Weschler, the chronicler of Hockney's career in True to Life, must be among the most versatile of the world's serious journalists. A New Yorker writer for 20 years, he's now director of the New York Institute of the Humanities at New York University. Over the years he's written books on political exiles from various dictatorships, on the Solidarity movement in Poland and on torture in Brazil and Uruguay. He's devoted books to performance art and to the peculiar charms of a small, little-known museum.

This month also brings, as a companion to the Hockney book, Seeing is Forgetting the Name of the Thing One Sees: Over Thirty Years of Conversations with Robert Irwin (University of California Press), an updated version of a book Weschler brought out in 1982. It reflects his long-term engagement with the work of an artist who stands in total opposition to Hockney. They both have close connections to California, but they approach art and their lives differently.

The two book titles make that point, the one on Hockney straightforward, the one on Irwin mysterious. Hockney loves publicity, Irwin tends to avoid it. Hockney's art appears endlessly on posters and postcards; Irwin's, rarely photographed, can't be adequately reproduced because it often consists of nothing but an arrangement of light. Hockney deals mainly in two-dimensional images on canvas or cardboard; Irwin uses shadows and environments. Whenever Weschler writes of Irwin, Hockney protests; when Weschler writes of Hockney, Irwin frowns. Yet they seem to respect each other, at a distance.

The two artists agree on at least one point: cubism as the key movement of the last century. But while Hockney sees cubism as a way of opening art to multiple points of view that create richer versions of reality, Irwin believes cubism implies a necessary flattening and narrowing of art's content. For Irwin, the art of today fulfills itself best when it demonstrates ways of perceiving. Weschler, following Irwin, describes cubism as the culmination of a 500-yearlong process in the development of art's main subject. Art was about Christ, then about kings, then about burghers, then about a burgher's maid, then about her red shawl, then about the colour red and finally about the process of seeing the colour red.
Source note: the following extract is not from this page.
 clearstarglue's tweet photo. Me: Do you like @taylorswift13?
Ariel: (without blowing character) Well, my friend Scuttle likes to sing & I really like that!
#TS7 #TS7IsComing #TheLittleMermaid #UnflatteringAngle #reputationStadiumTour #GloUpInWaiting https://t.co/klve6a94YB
Taken together, Weschler's two books amount to an engaging argument about visual culture and its possibilities. They shift the reader several levels above the peevish bickering that often deadens cultural discussion and remind us that contemporary art, on some of its best days, draws us into the midst of debates that are wonderfully creative and crucially important while nevertheless unresolvable -- and also, like a Hockney drawing, deeply and seriously charming.